*** Opening of Source data ***

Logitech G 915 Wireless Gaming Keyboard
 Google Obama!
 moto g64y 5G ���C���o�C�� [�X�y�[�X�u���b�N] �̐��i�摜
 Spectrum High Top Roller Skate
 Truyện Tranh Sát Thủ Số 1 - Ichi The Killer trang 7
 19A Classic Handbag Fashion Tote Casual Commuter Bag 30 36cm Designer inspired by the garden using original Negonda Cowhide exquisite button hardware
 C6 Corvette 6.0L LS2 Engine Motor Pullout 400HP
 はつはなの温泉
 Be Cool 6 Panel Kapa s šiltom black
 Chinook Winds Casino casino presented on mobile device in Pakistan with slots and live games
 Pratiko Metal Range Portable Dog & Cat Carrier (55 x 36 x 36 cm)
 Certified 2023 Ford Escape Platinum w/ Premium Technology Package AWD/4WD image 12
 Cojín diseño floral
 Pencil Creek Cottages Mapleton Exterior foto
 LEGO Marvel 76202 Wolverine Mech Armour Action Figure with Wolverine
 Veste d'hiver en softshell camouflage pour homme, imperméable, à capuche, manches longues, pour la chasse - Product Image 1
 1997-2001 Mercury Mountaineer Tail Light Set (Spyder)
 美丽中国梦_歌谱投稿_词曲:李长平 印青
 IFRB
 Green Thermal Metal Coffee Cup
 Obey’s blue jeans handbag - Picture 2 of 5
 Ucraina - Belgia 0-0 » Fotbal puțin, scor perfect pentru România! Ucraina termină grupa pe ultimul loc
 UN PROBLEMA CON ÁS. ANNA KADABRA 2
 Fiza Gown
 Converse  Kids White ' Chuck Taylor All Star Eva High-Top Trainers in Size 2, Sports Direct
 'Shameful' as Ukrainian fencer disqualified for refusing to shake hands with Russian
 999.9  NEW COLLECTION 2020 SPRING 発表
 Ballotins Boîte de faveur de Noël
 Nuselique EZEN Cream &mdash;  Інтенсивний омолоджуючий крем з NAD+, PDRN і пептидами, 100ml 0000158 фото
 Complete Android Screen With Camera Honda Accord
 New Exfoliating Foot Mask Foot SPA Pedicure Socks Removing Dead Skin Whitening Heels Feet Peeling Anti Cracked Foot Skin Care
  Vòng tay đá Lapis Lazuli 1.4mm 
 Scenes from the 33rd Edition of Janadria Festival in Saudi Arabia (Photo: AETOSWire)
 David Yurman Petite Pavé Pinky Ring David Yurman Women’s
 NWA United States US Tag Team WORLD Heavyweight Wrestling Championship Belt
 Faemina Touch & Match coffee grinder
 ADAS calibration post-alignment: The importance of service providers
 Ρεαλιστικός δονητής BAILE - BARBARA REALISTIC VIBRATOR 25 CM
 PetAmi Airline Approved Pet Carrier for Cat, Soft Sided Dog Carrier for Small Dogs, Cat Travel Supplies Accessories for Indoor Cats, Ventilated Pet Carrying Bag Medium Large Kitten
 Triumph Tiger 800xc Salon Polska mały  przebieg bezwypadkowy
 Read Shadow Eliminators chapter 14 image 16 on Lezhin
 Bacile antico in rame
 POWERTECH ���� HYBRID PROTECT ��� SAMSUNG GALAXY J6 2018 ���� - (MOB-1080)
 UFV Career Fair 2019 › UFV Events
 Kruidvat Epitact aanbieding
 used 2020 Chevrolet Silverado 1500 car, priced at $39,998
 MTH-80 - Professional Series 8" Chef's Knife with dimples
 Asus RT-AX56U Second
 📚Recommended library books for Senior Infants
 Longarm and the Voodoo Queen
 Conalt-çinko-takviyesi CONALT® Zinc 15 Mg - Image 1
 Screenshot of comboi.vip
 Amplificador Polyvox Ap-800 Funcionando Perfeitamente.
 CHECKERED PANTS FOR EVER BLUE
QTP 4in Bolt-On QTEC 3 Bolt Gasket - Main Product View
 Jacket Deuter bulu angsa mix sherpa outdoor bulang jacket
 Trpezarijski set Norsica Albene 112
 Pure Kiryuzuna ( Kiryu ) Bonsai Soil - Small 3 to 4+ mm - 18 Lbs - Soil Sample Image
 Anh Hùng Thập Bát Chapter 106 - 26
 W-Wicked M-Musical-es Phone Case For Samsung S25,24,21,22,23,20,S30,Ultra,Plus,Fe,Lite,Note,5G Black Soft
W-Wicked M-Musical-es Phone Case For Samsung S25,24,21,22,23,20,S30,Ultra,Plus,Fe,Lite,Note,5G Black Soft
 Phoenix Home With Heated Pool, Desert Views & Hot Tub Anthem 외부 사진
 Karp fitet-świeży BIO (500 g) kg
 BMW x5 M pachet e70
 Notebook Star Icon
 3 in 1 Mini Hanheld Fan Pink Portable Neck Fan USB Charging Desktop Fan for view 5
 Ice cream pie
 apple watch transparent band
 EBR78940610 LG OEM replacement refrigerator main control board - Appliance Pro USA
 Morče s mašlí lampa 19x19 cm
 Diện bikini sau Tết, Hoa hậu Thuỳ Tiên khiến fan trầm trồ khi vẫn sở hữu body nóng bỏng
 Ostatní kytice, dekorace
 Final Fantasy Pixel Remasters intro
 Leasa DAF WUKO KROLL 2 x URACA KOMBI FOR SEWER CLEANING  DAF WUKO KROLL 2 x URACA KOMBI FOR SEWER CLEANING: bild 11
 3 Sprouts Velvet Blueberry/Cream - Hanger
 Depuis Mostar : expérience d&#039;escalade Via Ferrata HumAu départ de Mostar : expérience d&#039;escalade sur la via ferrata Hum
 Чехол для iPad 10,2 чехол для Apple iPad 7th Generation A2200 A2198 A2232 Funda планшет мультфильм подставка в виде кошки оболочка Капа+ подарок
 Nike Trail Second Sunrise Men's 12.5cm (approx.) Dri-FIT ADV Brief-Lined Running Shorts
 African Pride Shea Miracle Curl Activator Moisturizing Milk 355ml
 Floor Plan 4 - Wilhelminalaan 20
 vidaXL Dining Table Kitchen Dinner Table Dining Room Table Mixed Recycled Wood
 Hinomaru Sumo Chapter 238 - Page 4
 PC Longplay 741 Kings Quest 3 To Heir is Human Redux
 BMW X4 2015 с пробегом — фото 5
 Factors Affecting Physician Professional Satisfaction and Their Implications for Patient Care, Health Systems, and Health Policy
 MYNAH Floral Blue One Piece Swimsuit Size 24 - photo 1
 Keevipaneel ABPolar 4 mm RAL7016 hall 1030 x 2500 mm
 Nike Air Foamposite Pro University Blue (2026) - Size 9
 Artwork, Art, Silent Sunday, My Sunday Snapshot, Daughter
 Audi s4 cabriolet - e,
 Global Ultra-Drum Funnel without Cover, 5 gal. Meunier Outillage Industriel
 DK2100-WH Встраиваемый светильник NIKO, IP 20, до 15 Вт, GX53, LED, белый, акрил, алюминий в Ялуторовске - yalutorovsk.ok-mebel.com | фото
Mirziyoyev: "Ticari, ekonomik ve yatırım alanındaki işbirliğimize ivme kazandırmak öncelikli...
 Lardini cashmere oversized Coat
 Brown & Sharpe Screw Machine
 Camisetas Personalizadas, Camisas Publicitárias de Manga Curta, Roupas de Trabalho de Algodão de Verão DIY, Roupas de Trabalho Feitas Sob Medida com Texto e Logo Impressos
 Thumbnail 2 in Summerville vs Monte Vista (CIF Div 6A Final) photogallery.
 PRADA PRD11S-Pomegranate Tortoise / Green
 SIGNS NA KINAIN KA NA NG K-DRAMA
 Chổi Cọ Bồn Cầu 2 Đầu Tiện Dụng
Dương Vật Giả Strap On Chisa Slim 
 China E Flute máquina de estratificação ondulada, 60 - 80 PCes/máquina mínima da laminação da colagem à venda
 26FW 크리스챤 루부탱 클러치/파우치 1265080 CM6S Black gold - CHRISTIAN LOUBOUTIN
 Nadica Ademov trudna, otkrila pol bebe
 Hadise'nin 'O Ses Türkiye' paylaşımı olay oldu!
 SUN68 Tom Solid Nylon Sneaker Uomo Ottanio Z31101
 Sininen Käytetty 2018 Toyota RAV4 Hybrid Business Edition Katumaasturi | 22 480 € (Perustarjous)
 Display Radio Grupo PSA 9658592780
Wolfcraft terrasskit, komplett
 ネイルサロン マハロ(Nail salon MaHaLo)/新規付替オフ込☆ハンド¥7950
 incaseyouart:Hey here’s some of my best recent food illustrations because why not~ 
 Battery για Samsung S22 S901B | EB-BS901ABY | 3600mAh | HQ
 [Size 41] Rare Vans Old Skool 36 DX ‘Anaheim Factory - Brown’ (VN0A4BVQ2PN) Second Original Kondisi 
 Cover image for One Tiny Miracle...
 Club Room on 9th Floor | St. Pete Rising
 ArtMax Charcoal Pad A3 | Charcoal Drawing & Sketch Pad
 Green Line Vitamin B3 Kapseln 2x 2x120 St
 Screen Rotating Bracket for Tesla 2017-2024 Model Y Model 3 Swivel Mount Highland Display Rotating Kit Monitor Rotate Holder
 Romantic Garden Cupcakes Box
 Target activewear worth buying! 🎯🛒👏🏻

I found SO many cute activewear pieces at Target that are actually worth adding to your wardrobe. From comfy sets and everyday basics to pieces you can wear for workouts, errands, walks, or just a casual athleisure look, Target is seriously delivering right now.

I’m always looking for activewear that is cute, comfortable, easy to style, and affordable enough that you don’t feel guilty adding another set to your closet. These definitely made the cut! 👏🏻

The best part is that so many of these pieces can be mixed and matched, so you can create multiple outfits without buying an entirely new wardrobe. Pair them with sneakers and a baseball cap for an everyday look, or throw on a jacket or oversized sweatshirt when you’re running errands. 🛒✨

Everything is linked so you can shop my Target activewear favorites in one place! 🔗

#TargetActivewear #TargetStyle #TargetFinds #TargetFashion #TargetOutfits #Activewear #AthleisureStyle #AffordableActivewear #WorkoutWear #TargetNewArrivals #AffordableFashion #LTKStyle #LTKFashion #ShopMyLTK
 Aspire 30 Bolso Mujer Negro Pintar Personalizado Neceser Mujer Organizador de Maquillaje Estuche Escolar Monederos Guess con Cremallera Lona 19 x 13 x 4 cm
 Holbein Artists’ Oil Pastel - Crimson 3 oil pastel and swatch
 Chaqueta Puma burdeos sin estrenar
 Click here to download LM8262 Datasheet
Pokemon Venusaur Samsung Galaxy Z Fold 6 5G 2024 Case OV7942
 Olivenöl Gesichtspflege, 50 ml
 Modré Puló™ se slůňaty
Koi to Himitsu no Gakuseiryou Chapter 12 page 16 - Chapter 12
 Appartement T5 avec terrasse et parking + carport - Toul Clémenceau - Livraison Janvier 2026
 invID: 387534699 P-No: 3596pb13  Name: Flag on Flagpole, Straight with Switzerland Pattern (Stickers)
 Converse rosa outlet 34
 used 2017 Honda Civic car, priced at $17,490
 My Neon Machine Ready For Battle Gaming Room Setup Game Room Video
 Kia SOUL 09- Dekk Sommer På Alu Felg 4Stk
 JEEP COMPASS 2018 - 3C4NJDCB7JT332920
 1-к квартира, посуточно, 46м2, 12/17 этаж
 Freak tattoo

*** Close of Source data ***

• Exercise: From the entries above, copy every line containing the word "Green".

• Your solution:
 Green Thermal Metal Coffee Cup
 PRADA PRD11S-Pomegranate Tortoise / Green
 Green Line Vitamin B3 Kapseln 2x 2x120 St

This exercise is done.